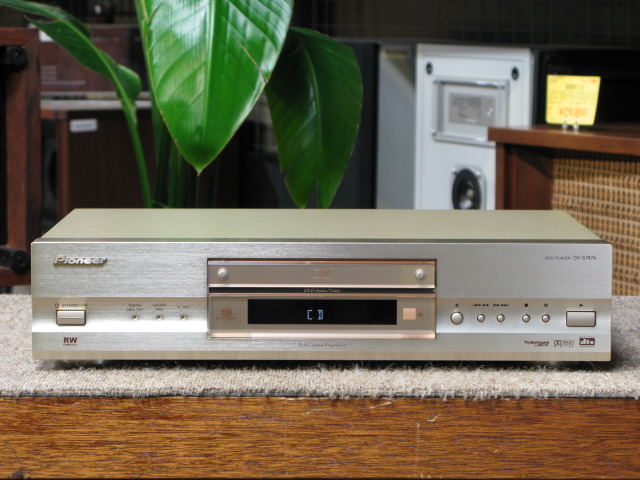 DV-S747A Pioneer - HiFi-Do McIntosh/JBL/audio-technica/Jeff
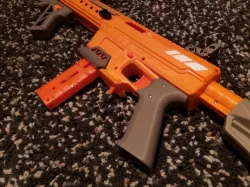 Dart Zone Nexus Pro Tacticool Grip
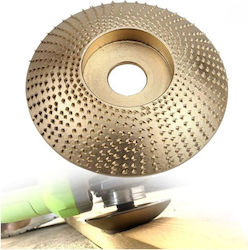 Grinding Disc for of Wood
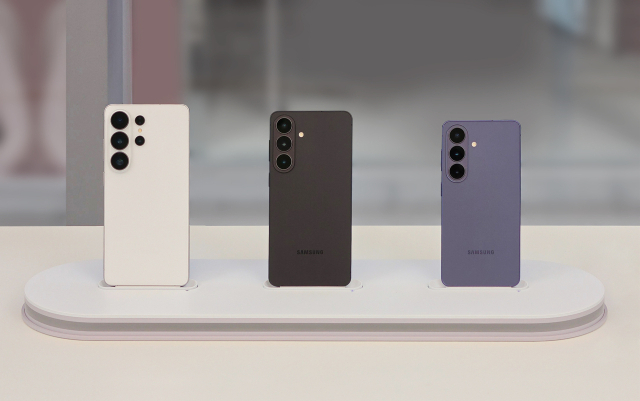 갤럭시 S26 시리즈. 삼성전자 제공.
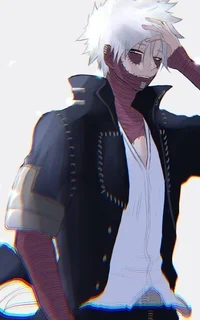 Dabi todoroki 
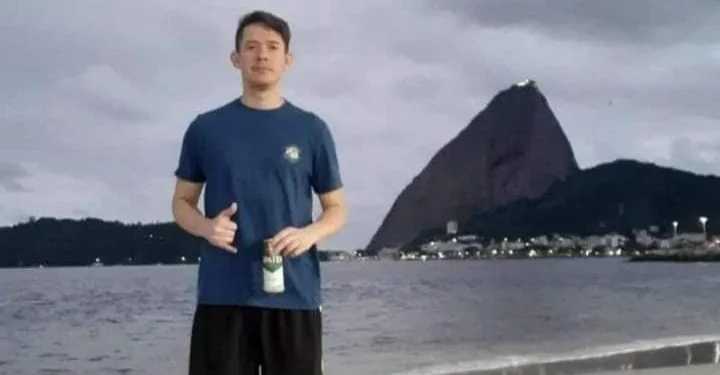 JOVEM MORRE BALEADO INDO AO TRABALHO NO RJ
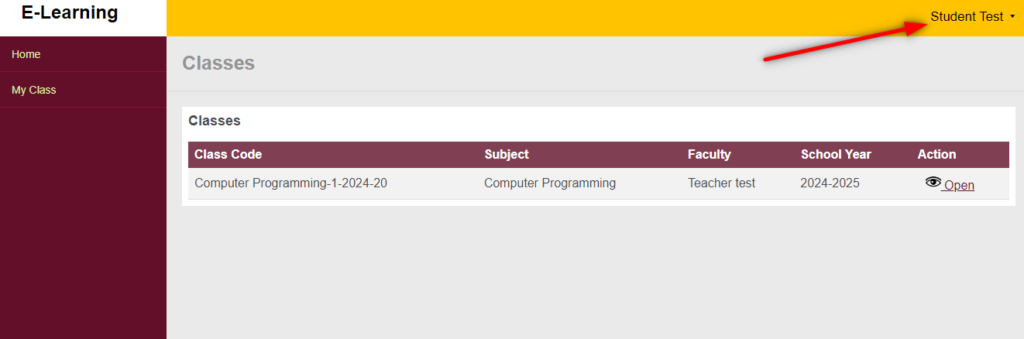 image-39-1024x339 E-Learning Project in PHP MySQL with Source Code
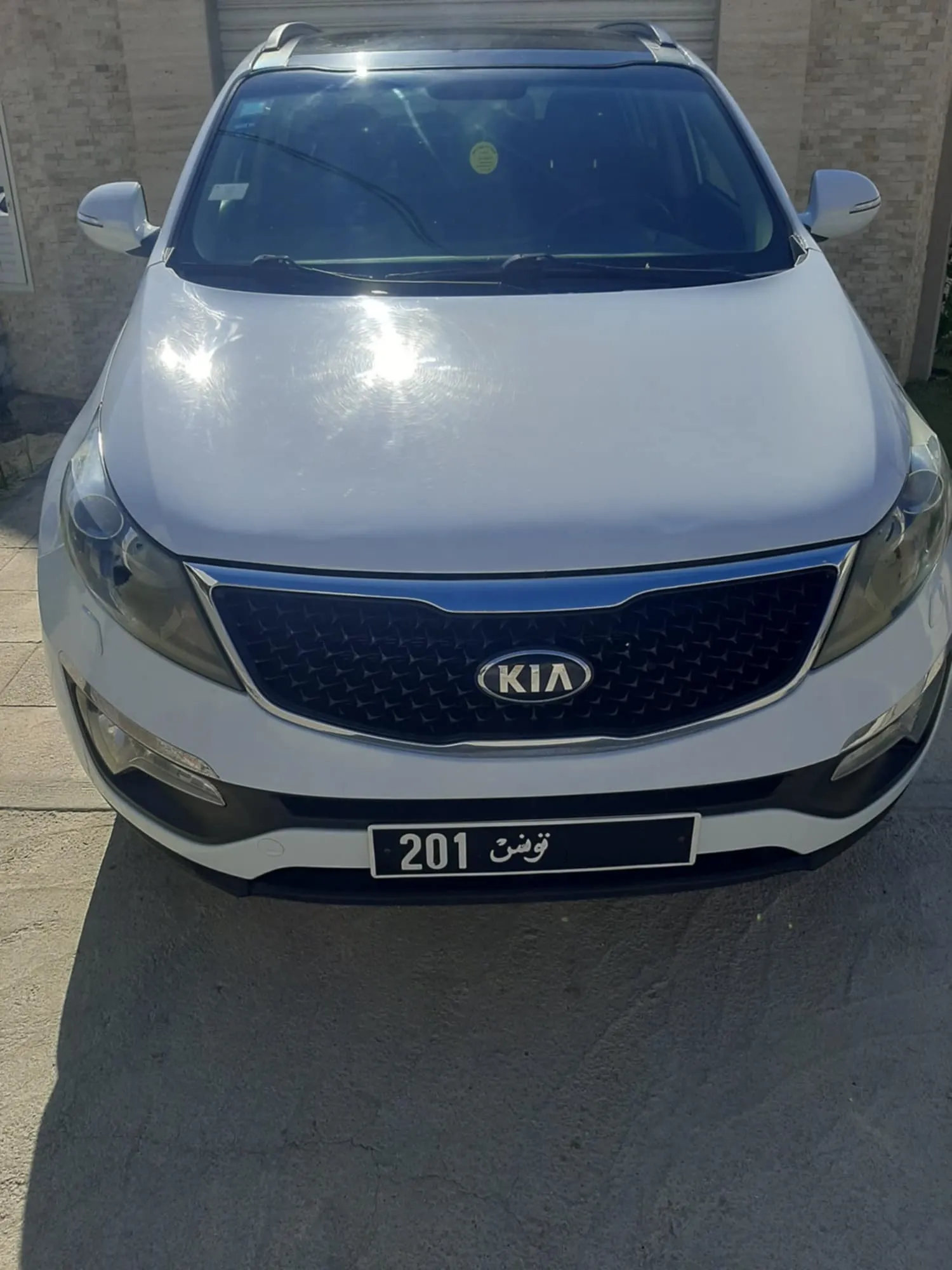  KIA Sportage 2014 à sousse - Photo 3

▸ **Task prompt**: Exactly as written, set down the lines from the line holding "JOVEM MORRE BALEADO INDO AO TRABALHO NO RJ" to the last line of the data, both ends included, pictures excluded.

▸ **Exercise solution**:
 JOVEM MORRE BALEADO INDO AO TRABALHO NO RJ
 image-39-1024x339 E-Learning Project in PHP MySQL with Source Code
  KIA Sportage 2014 à sousse - Photo 3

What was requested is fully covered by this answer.